Neither institution will name the banks in question, but both say new economic conditions in global finance have weakened Cambodia’s highly dollarized banking system.
Cambodia’s banks are at risk from a liquidity shortage, the slowdown of deposit growth and a rise in non-performing loans.
Since September 2008, shortly after the global financial crisis, bank deposit growth slowed significantly, turning negative, the report says, while large withdrawals have reportedly been made by firms concentrated in the property sector.
John Nelmes, IMF’s representative in Cambodia, told VOA Khmer in an interview Thursday that several of Cambodia’s banks are at risk. The banks are among the country’s nine largest, which together control nearly 90 percent of deposits.
“The risk in the banking system is now higher than previously,” Nelmes said. “The banking system is coming under increasing strain.”
The World Bank’s report shows similar concerns.
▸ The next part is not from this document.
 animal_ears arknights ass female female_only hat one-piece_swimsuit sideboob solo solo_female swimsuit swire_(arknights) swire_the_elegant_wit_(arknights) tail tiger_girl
The report, received by VOA Khmer on Thursday, points out that growth in credit has been largely directed at consumption, working capital and real estate, but less at fixed investment.
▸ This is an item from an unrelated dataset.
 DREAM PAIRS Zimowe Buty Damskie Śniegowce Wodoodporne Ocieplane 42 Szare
“The rapid growth of credit for real estate development and construction represents even more risks,” the World Bank report says. “A fall in property prices could create problems for the involved banks, some of which already have high NPLs [non-performing loans].”
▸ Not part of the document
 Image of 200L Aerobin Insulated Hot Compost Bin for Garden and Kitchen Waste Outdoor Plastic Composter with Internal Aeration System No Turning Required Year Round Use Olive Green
“The concentration of NPLs in two banks is also a major concern,” the report warns, without naming the banks.
“Our recent report indicated our general concern about non-performing loans in the financial sector,” Stephane Gimberk, senior economist expert of the World Bank, told VOA by email. “We feel it is critical for the central bank to deepen its efforts at bank supervision.”
Tal Nay Im, Director of the National Bank of Cambodia, agreed with the concern. But she claimed that the central bank has been paying much attention to all financial institutions. She said she was optimistic that Cambodia’s banks are in a good standing.
Some of Cambodia’s top banking executives say they remain in good shape.
Acleda CEO In Channy, ANZ Royal CEO Stephen Higgin and Canadia Bank Vice President Chhor Vann all claimed their banks were stable.